In this implementation I use several techniques. In addition to SIMD loads and fmadds I use the optimized loop order and register blocking (using the seq macro) techniques from this paper. I finished the implementation, executed a benchmark, and... it's slower. More than two times slower than a naive unvectorized² implementation in fact (~670ms vs ~300ms).

Starting to investigate

To do this I tried to use various profilers, cargo-flamegraph, samply and, after a lot of desperation, AMD μProf. After a few days of trying to get useful information out of these profilers (and getting μProf to work at all), I realized it wasn't getting me anywhere. The flamegraph and hotspots just didn't seem to make any sense at all.

So what's the next step?

Reducing the problem

Ok, none of my attempts to profile led to any success. So let's try to reduce the code to only what's actually needed in the benchmark. The benchmark uses unpadded, unstrided, undilated and ungrouped convolutions, so I stripped all padding checks and all stride/dilation calculations - it was faster, but still slow.

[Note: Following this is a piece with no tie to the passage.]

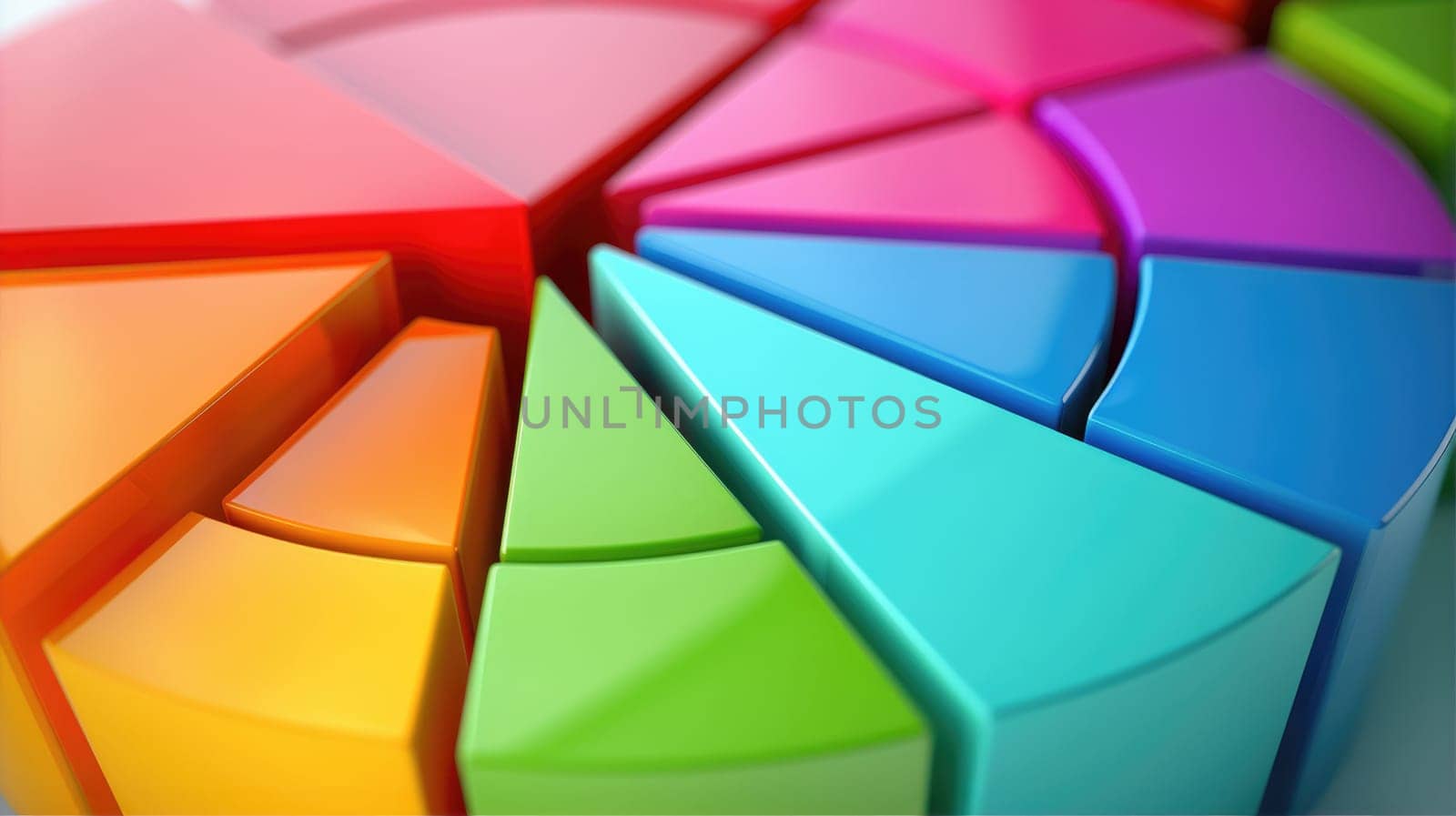 Abstract business pie chart made from colored parts. Business pie chart graphics by natali_brill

There was one branch left to eliminate: The check for border pixels in the register-blocking loop.

Just to check I shortened the loop to only consider pixels up to the last multiple of 8. This yields incorrect results, but should help with debugging performance.

let ow_blocks = out_width / ow_b // changed from `div_ceil`
//...

for ow_block in 0..ow_blocks {
  seq!(N in 0..8 {
    let mut acc~N = bias;
  });

  for ic in 0..in_channels {
    for kh in 0..k_height {
      for kw in 0..k_width {
        let f0 = vload(&weights[[ic, kh, kw, oc]]);
        seq!(N in 0..8 {
          let i~N = splat(x[[ic, ih, iw + N]]);
          acc~N = E::vmuladd(simd, i~N, f0, acc~N);
        });
      }
    }
  }

  seq!(N in 0..8 {
    vstore(&mut out[[ow + N, oc]], acc~N);
  });
}

Executing the benchmark, the code is now significantly faster on a single thread than the old code with multiple threads!

Benchmarking - conv2d-input_16x512x512_weight_16x3x3_stride_1
―――――――― Result ―――――――――
  Timing      full
  Samples     40
  Mean        205.12ms
  Variance    69.420µs
  Median      203.24ms
  Min         201.12ms
  Max         207.23ms
―――――――――――――――――――――――――

The problem seems to have been a mixture between spilling registers (as someone previously focused on GPU, I was shocked to find modern CPUs only have 16 of them), and too many branches. This is why the profilers didn't lead me anywhere useful. Branching in modern CPUs is just too complicated to be meaningfully represented by a profiler hotspot. This is probably the biggest takeaway from this article: branches are much worse than you think, because the CPU can't predict more than one³ branch per cycle⁴. A single if statement inside a loop is enough to stop any further instructions from being decoded in that cycle. Since optimal performance requires 2 FMA instructions per cycle (they take 1 cycle with a 5 cycle latency, and Zen 4 has 2 FMA units), having a branch on every instruction massively hamstrings the performance. This may be different on Zen 5, but remember, we still have other branches in addition to the ow bounds check that need predicting. So it's worse than 50% performance in practice.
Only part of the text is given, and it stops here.